We asked the tower for instructions and all he could tell us was "go hold east of the airport somewhere". He was completely flustered and not in control of his airspace. Now a clearance like that in the real world is just unheard of! We were clearly on our own this day.

After several minutes of us circling low over the city, he told us to come on in and land. By then we had lost sight of the airport so we had to rely on some basic VFR skills and dead reckoning to re-acquire the airport.

The third time was a charm and we actually made a landing.

Taxiing in we could see the massive amounts of relief supplies and equipment all over the airport. It must have been a huge undertaking getting all these supplies in right after the quake.
They even brought in a temporary control tower since the PAP tower was destroyed.
Sorry that it's blurry.
On the bright side, we were able to use a jet bridge and keep our passengers off of the ramp area like in the past.

After the First Officer and I finished the parking checklist we just looked at each other in disbelief and breathed a sigh of relief. That was a flight to remember!

So off with 223 passengers and on with 223 more heading back to Miami.

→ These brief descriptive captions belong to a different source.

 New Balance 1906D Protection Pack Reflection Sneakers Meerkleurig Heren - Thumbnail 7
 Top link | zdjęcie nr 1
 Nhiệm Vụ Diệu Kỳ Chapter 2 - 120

The takeoff and climb went smoothly. Climbing out over the bay we could see several US Navy ships anchored. Two of them were Landing Helicopter Assault ships that were helping with the relief effort.It will most likely be years before Haiti gets back on it's feet after such a disaster. But the recovery goes on and life is very slowly returning to Port-au-Prince.
Two hours later we were on final to runway 30 at Miami.

Once again it was nice to be back in US airspace.

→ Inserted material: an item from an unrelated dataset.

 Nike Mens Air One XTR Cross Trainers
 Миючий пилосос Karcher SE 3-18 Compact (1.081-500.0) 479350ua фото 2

For a look at some more of my photos, please aviate over to Plane & Simple.

8 comments:

Chrissy said...

Wow, I can not imagine what you and your crew were feeling as u took that journey... I too believe it will be years before Haiti will get back to some sort of normalcy.. I do hope constant medical supplies, drugs, doctors, food and facilities are erected and that the aid continues and doesn't just fade away ... It seems as the furor of Haiti's tragedy has slowly ebbed away...

Ryan said...

Unbelievable that you had to go around twice that day! Your story really paints a picture of how dire it is in Haiti right now. Thanks for sharing.

Ryan

Mark Lawrence said...

Thanks for sharing Len! Must have been quite a trip. I'm sure the guy in the Caravan got as much of a shock!

Barbara said...

Hello Captain Len,
OMG... that is one heck of a day.
I don't understand a lot about aeronautics, but I don't have to be a genius to see that it was
very tough going.

Well done for the mission.Thanks for a pilot's experience to get out of tough spots !!

D-ka said...

I can't imagine such go-arounds... but the frustrated tower is even worse. I think it was luck that the airspace is not crowded at all that day.

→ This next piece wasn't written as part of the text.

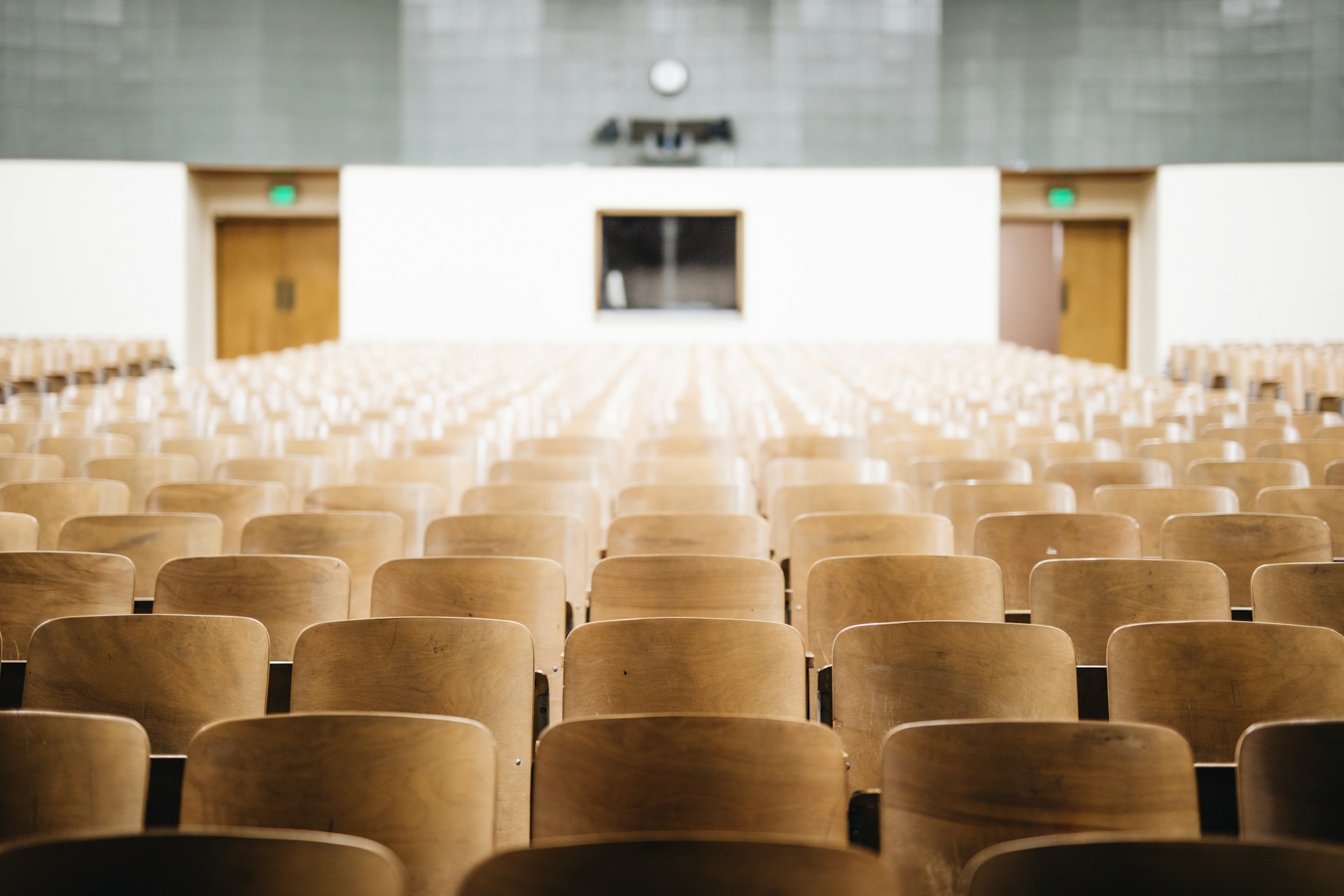 university-classroom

A very nice story and indeed, it's a flight to remember! :)

The AirplaneNut said...

Nice pics..my dad was in in Haiti a few weeks ago as a relief doctor. He stayed in one of those tents by the airport

Len (Barfbag) said...

Airplane Nut,
Thanks for stopping by my blog!

Your Dad must be a good guy!! Anyone involved in the relief effort has my admiration.

Len

Flygirl said...

Wow, what a story! I can't imagine how frustrating that must have been for you guys!

The airline I work for was operating sun destination trips into the Dominican during the time that the quake occurred. I remember picking up people from their vacations and feeling disgusted. All they could do was bitch about how the power went out and how their vacation was ruined, and now we were late landing and departing again because the airspace was full of relief effort.

One woman was irate that we were late, and I ended up losing my rag with her (I'm a terrible flight attendant) "people are dying, get some perspective".